☁︎SAA-C03

Step Functions

Step Functions — Concept

What it is

AWS Step Functions = serverless workflow orchestrator. You define a state machine in JSON (Amazon States Language); Step Functions runs it: tasks, choices, parallel branches, retries, error handling, waits.

Why it exists

Stringing Lambdas with SNS/SQS quickly becomes spaghetti — no visibility, no built-in retries, no easy human approval steps. Step Functions gives you visual workflows, state, error handling, long-running waits, and integration with 200+ AWS services.

Two workflow types

StandardExpress
Max duration1 year5 minutes
Execution rate2,000 / s (start rate)100,000+ / s
Pricingper state transitionper request + duration (cheaper at high volume)
Execution historyexactly-onceat-least-once (Async) or exactly-once (Sync)
Uselong, durable, human approval, infrequenthigh-volume event-driven

State types

  • Task — invoke service (Lambda, ECS, SNS, SQS, DynamoDB, …).
  • Choice — branch based on input.
  • Wait — pause until X seconds / until timestamp.
  • Parallel — run branches in parallel.
  • Map — iterate over a list.
  • Pass / Succeed / Fail — control flow.

Integrations

  • Direct integrations with AWS services — no Lambda glue needed (e.g., arn:aws:states:::dynamodb:putItem).
  • .sync suffix = wait for service job to complete (Glue, ECS task, EMR step, Batch job).
  • .waitForTaskToken = pause until a callback (great for human approval).

Error handling

  • Per-task Retry with intervals / max attempts / exponential backoff.
  • Catch blocks for specific errors.
  • Failed executions visible in console with full history.

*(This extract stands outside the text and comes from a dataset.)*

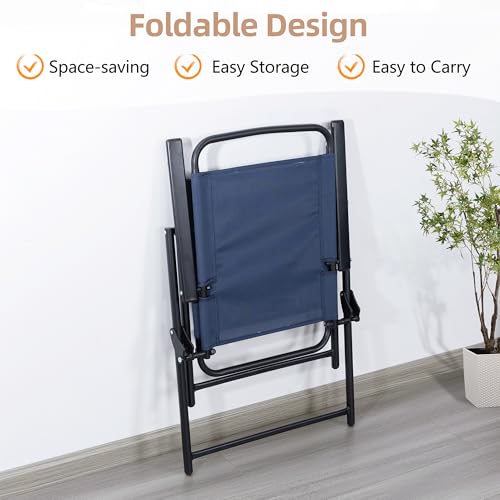 Vongrasig 6 Piece Folding Patio Dining Set,Small Metal Outdoor Garden Patio Table and Chair Set w/Umbrella for Lawn,Deck,Backyard,Black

When to use vs alternatives

Use ...Instead of ...When ...
Step Functions Standardchained LambdasLong workflow (hours/days), visibility, retries, human approval
Step Functions Expresschained LambdasHigh-volume short workflows, event processing
EventBridgeStep FunctionsSimple "event → fanout" routing, no orchestration
SQSStep FunctionsDecoupling and buffering only
AWS BatchStep FunctionsLong-running compute jobs (vs orchestration)

Common exam scenarios

  1. "Multi-step order workflow with approval after 24 h"Standard workflow with .waitForTaskToken.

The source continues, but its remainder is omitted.